Pictures excluded, reproduce exactly the lines below from the one with "Kid’s Concept: drewniana" through the one with "Напій Burn Яблуко", both included.

▶ _DATASET RECORDS_:
*** Block opens ***
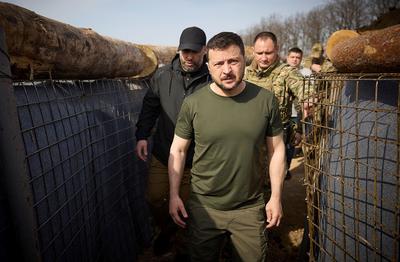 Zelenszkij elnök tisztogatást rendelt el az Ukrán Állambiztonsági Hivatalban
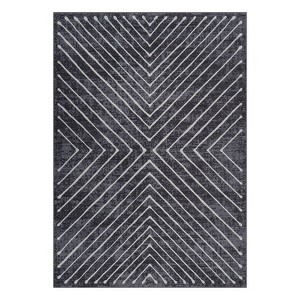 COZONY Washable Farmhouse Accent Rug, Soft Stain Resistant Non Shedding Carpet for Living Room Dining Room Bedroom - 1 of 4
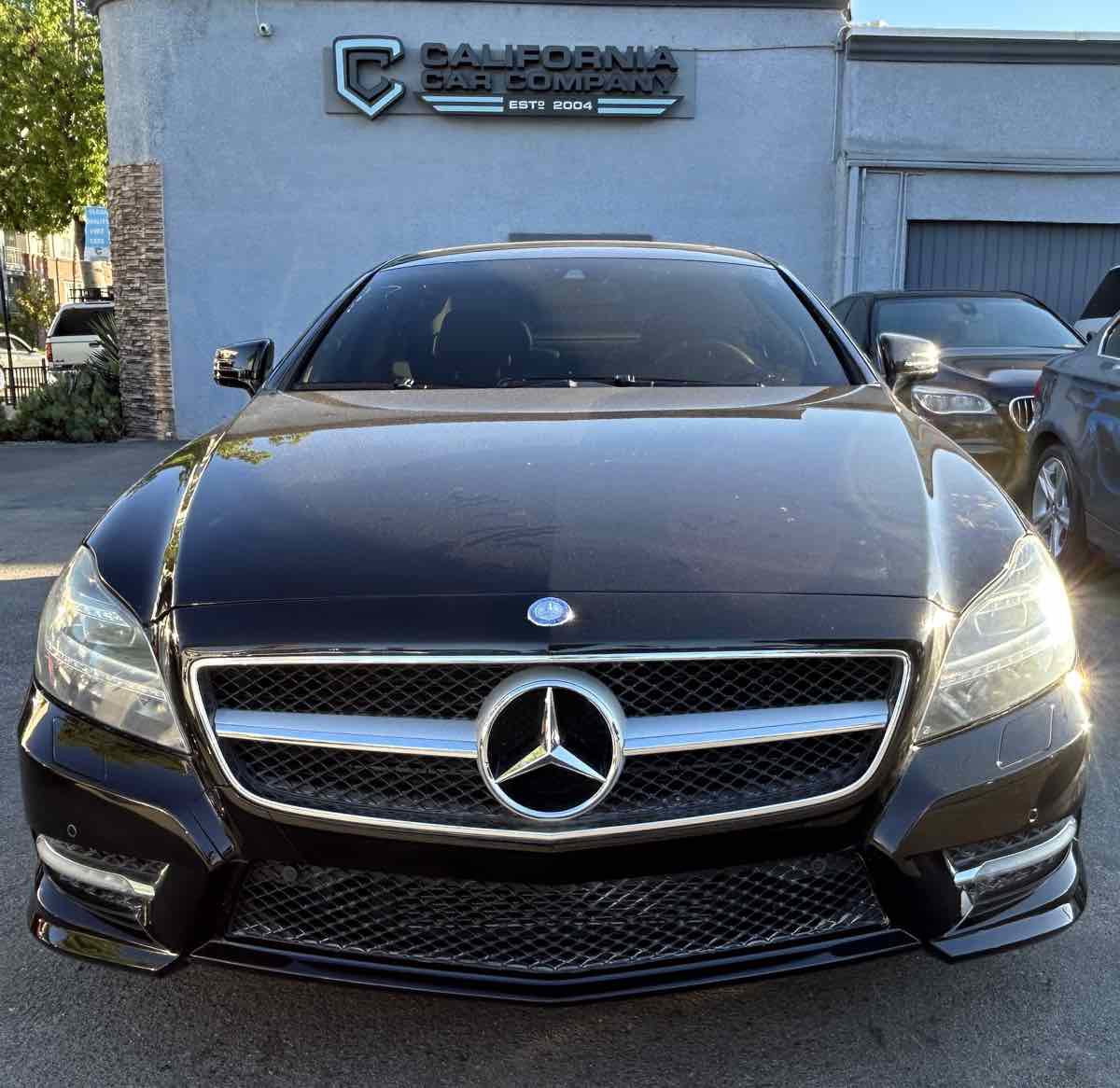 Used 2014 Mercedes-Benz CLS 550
*** Block closes ***
*** Block opens ***
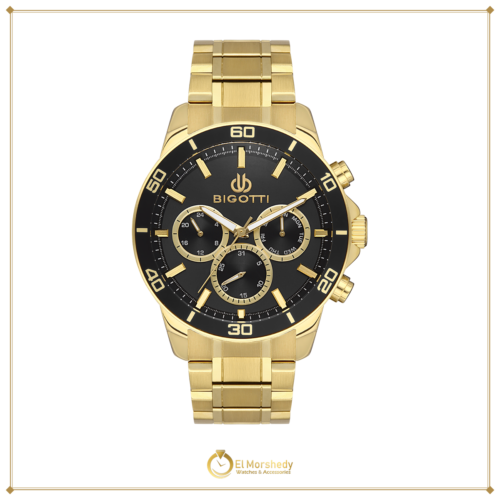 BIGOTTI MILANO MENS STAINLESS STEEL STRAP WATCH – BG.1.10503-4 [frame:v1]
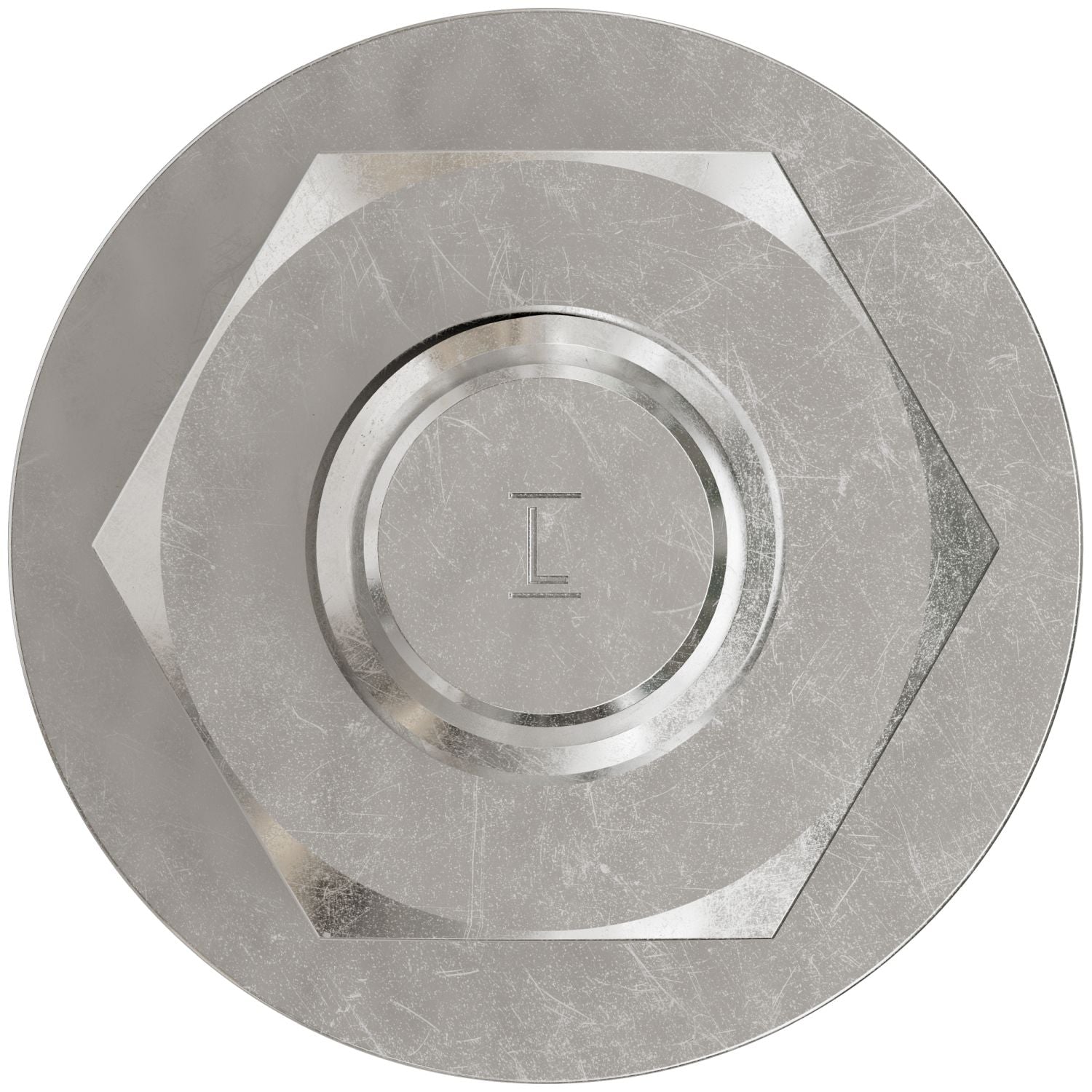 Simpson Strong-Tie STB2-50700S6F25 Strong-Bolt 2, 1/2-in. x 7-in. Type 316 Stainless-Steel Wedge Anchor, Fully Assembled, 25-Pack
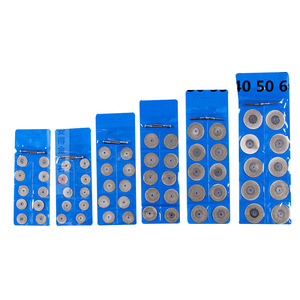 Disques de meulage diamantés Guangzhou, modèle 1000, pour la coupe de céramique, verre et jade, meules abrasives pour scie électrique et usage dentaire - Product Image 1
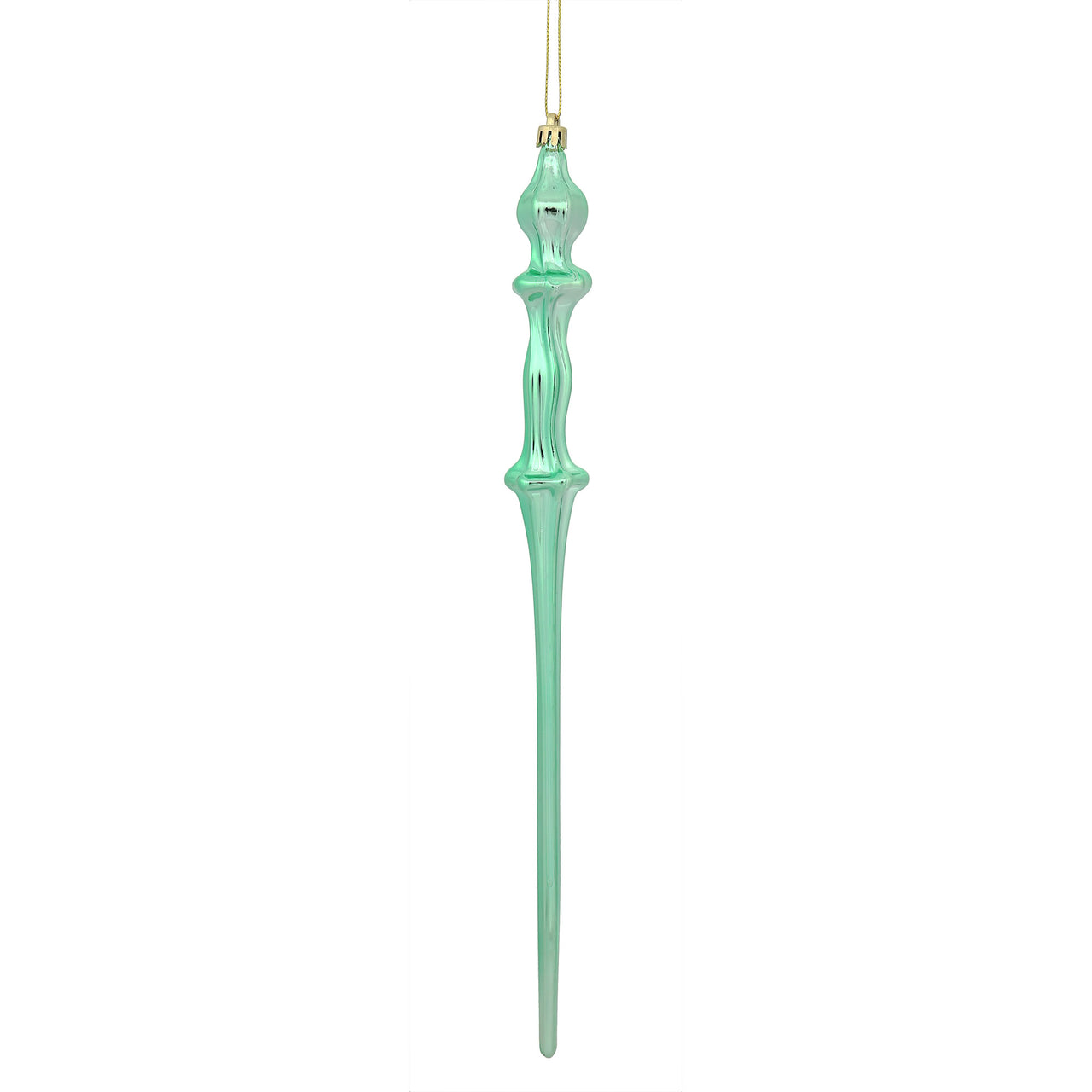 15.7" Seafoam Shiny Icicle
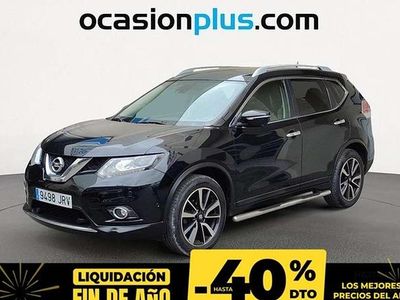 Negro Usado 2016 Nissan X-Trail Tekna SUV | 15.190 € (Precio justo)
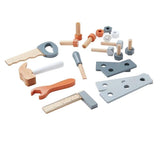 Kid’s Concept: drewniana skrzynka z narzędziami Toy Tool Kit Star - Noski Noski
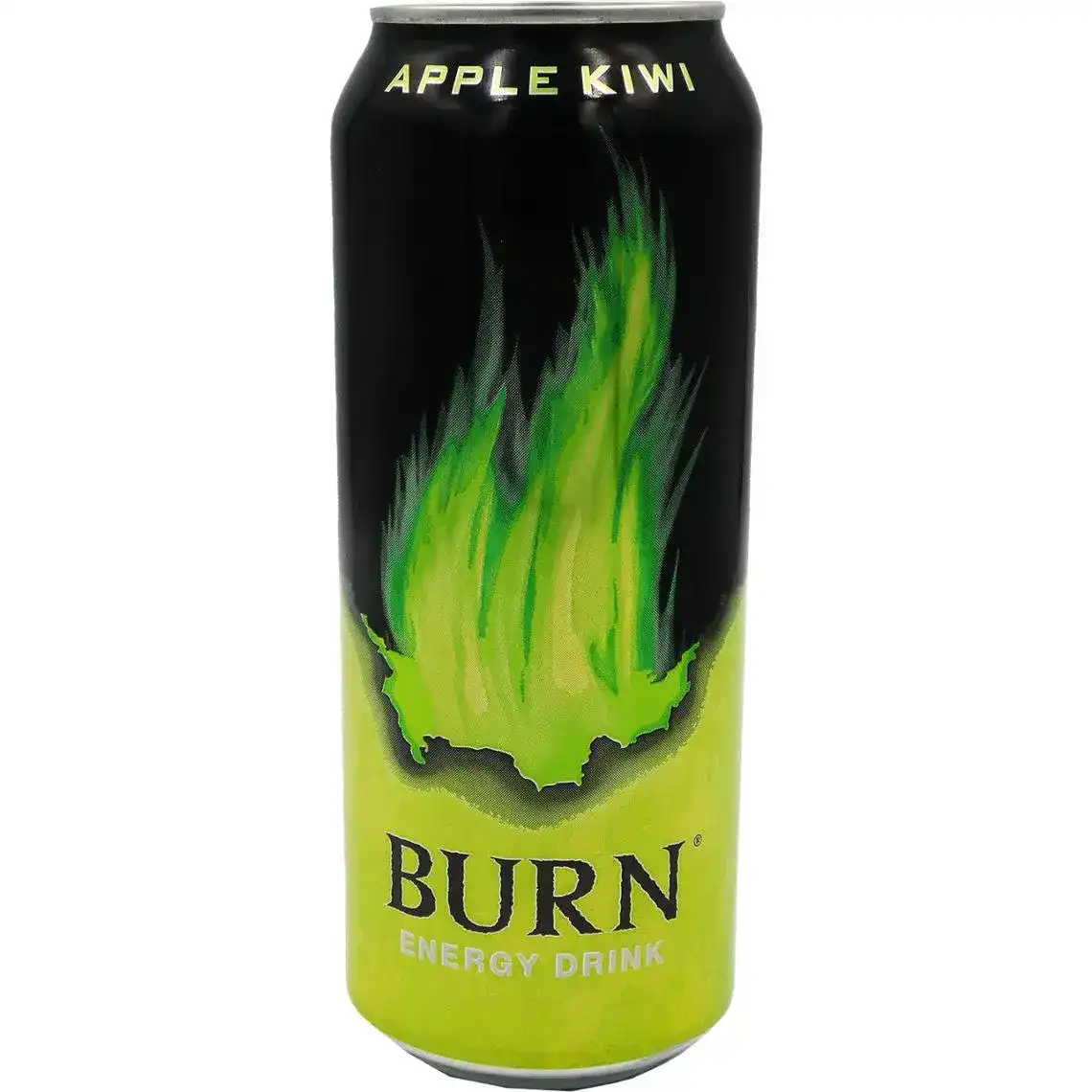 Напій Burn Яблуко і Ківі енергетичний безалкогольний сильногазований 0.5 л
*** Block closes ***
▶ _TASK RESULT_:
 Kid’s Concept: drewniana skrzynka z narzędziami Toy Tool Kit Star - Noski Noski
 Напій Burn Яблуко і Ківі енергетичний безалкогольний сильногазований 0.5 л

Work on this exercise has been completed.